Hyper-parameter Optimization
HP categories to be optimized
- Table of principal HPs grouped by role and domain
hp-parameter | example |
---|---|
continuous | learning rate |
Discrete | poolSize, kernal size, sliding, hcHidden, data batch, numEpoch |
categorical | Choice of optimizer, Activation function |
binary | whether to early stop |
Existing Methods
summary
Table. 1: comparison of common HPO algorithm (n is the number of hyper-parameter values and k is the number of hyper-parameters)
HPO methods | Strengths | Limitations | Time Complexity |
---|---|---|---|
Grid Search | Simple | Time consuming; Only efficient with categorical HPs | O(n^k) |
Random Search | More efficient than GS | Not consider previous results; Not efficient with conditional HPs. | O(n) |
Gradient-based models | Fast convergence speed for continuous HPs | Only support continuous HPs; May only detect local optimums | O(n^k) |
BO-GP | Fast convergence speed for continuous HPs | Poor capacity for parallelization; Not efficient with conditional HPs. | O(n^3) |
SMAC | Efficient with all types of HPs | Poor capacity for parallelization | O(nlog(n)) |
BO-TPE | Efficient with all types of HPs; Keep conditional dependencies. | Poor capacity for parallelization | O(nlog(n)) |
Hyperband | Enable parallelization | Not efficient with conditional HPs; Require subsets with small budgets to be representative | O(nlog(n)) |
BOHB | Efficient with all types of HPs | Require subsets with small budgets to be representative. | O(nlog(n)) |
GA | Efficient with all types of HPs; Not require good initialization | Poor capacity for parallelization. | O(n^2) |
PSO | Efficient with all types of HPs; Enable parallelization | Require proper initialization | O (nlogn) |
Yang+, On hyperparameter optimization of machine learning algorithms: Theory and practice, Neurocomputing 2020
Grid search
Grid Search performs an exhaustive search through a manually specified subset of the hyperparameter space defined in the searchspace file. https://www.jmlr.org/papers/volume13/bergstra12a/bergstra12a.pdf
Random Search
Random Search might be surprisingly effective despite its simplicity. We suggest using Random Search as a baseline when no knowledge about the prior distribution of hyper-parameters is available. Bergstra+, Random Search for Hyper-Parameter Optimization, Journal of Machine Learning Research Vol.13, pp. 281-305, 2012
Gradient-based optimization
First randomly selecting a data point, then moves towards the opposite direction of the largest gradient to locate the next data point.
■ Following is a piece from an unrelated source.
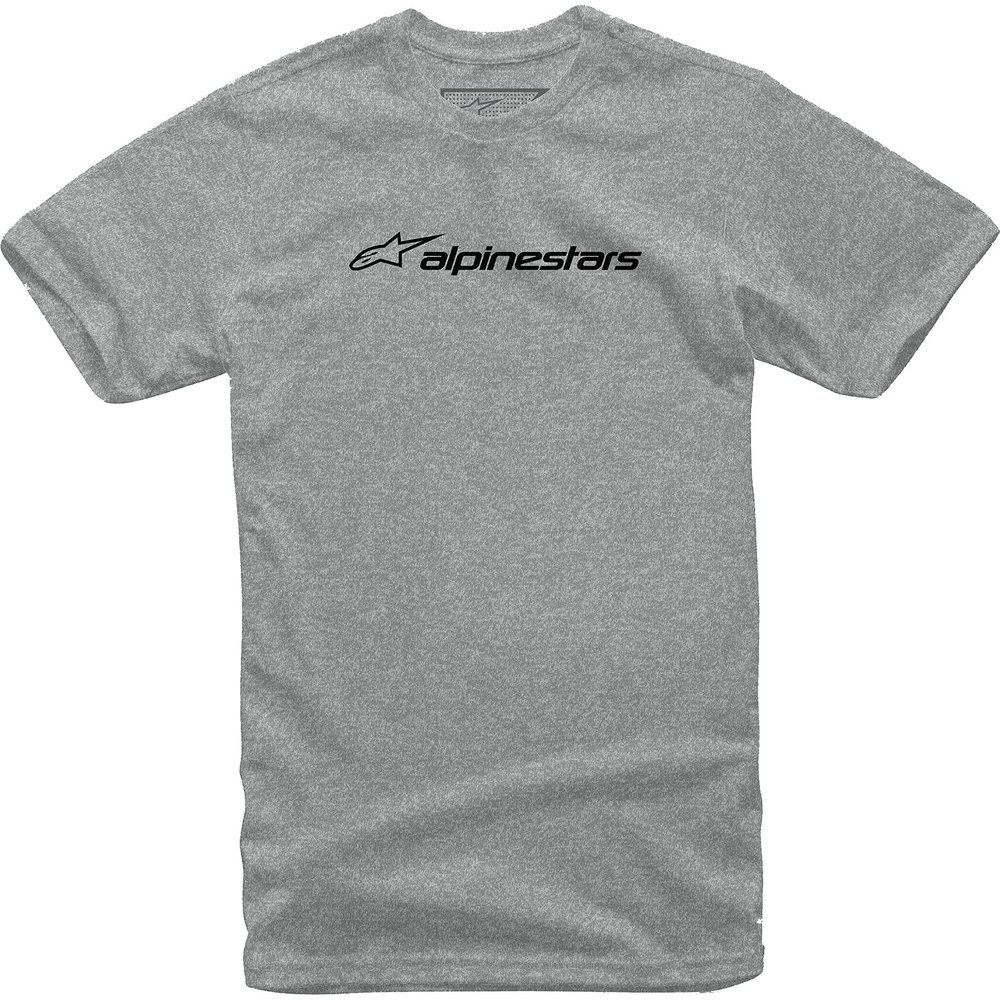Alpinestars Linear Combo T-Shirt-Grey Heather/Black-M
Therefore, a local optimum can be reached after convergence. The local optimum is also the global optimum for convex functions.
Bayesian optimization
-
summary: BO determines the future evaluation points based on the previously obtained results. To determine the next hyper-parameter configuration, BO uses two key components: a surrogate model and an acquisition function.
-
procedure
-
- Build a probabilistic surrogate model of the objective function.
-
- Detect the optimal hyper-parameter values on the surrogate model.
-
- Apply these hyper-parameter values to the real objective function to evaluate them.
-
- Update the surrogate model with new results.
-
- Repeat steps 2–4 until the maximum number of iterations is reached.
-
-
BO-GP https://papers.nips.cc/paper/2011/file/86e8f7ab32cfd12577bc2619bc635690-Paper.pdf This is a sequential model-based optimization approach with Gaussian Process as the surrogate.
-
SMAC https://www.cs.ubc.ca/~hutter/papers/10-TR-SMAC.pdf SMAC is based on Sequential Model-Based Optimization (SMBO). It adapts the most prominent previously used model class (Gaussian stochastic process models) and introduces the model class of random forests to SMBO in order to handle categorical parameters.
-
BO-TPE (Tree-structured Parzen Estimator) https://papers.nips.cc/paper/2011/file/86e8f7ab32cfd12577bc2619bc635690-Paper.pdf The Tree-structured Parzen Estimator (TPE) is a sequential model-based optimization (SMBO) approach. SMBO methods sequentially construct models to approximate the performance of hyperparameters based on historical measurements, and then subsequently choose new hyperparameters to test based on this model. The TPE approach models P(x|y) and P(y) where x represents hyperparameters and y the associated evaluation matric. P(x|y) is modeled by transforming the generative process of hyperparameters, replacing the distributions of the configuration prior with non-parametric densities.
-
Hyperband https://arxiv.org/pdf/1603.06560.pdf Hyperband tries to use limited resources to explore as many configurations as possible and returns the most promising ones as a final result. The basic idea is to generate many configurations and run them for a small number of trials. The half least-promising configurations are thrown out, the remaining are further trained along with a selection of new configurations. The size of these populations is sensitive to resource constraints (e.g. allocated search time).
-
BOHB(Bayesian Optimization Hyper Band) https://arxiv.org/pdf/1807.01774.pdf BO is an abbreviation for “Bayesian Optimization” and HB is an abbreviation for “Hyperband”. BOHB relies on HB to determine how many configurations to evaluate with which budget, but it replaces the random selection of configurations at the beginning of each HB iteration by a model-based search (Bayesian Optimization). Once the desired number of configurations for the iteration is reached, the standard successive halving procedure is carried out using these configurations. We keep track of the performance of all function evaluations g(x, b) of configurations x on all budgets b to use as a basis for our models in later iterations. HB part Follow HyperBand’s way of choosing the budgets and continue to use SuccessiveHalving. It is initialized with a set of configurations, a minimum and maximum budget, and a scaling parameter η. In the first stage all configurations are evaluated on the smallest budget (line3). The losses are then sorted and only the best 1/η configurations are kept in the set C (line 4). For the following stage, the budget is increased by a factor of η (line 5). This is repeated until the maximum budget for a single configuration is reached (line 2). BO part Tree Parzen Estimator(TPE): uses a KDE (kernel density estimator) to model the densities.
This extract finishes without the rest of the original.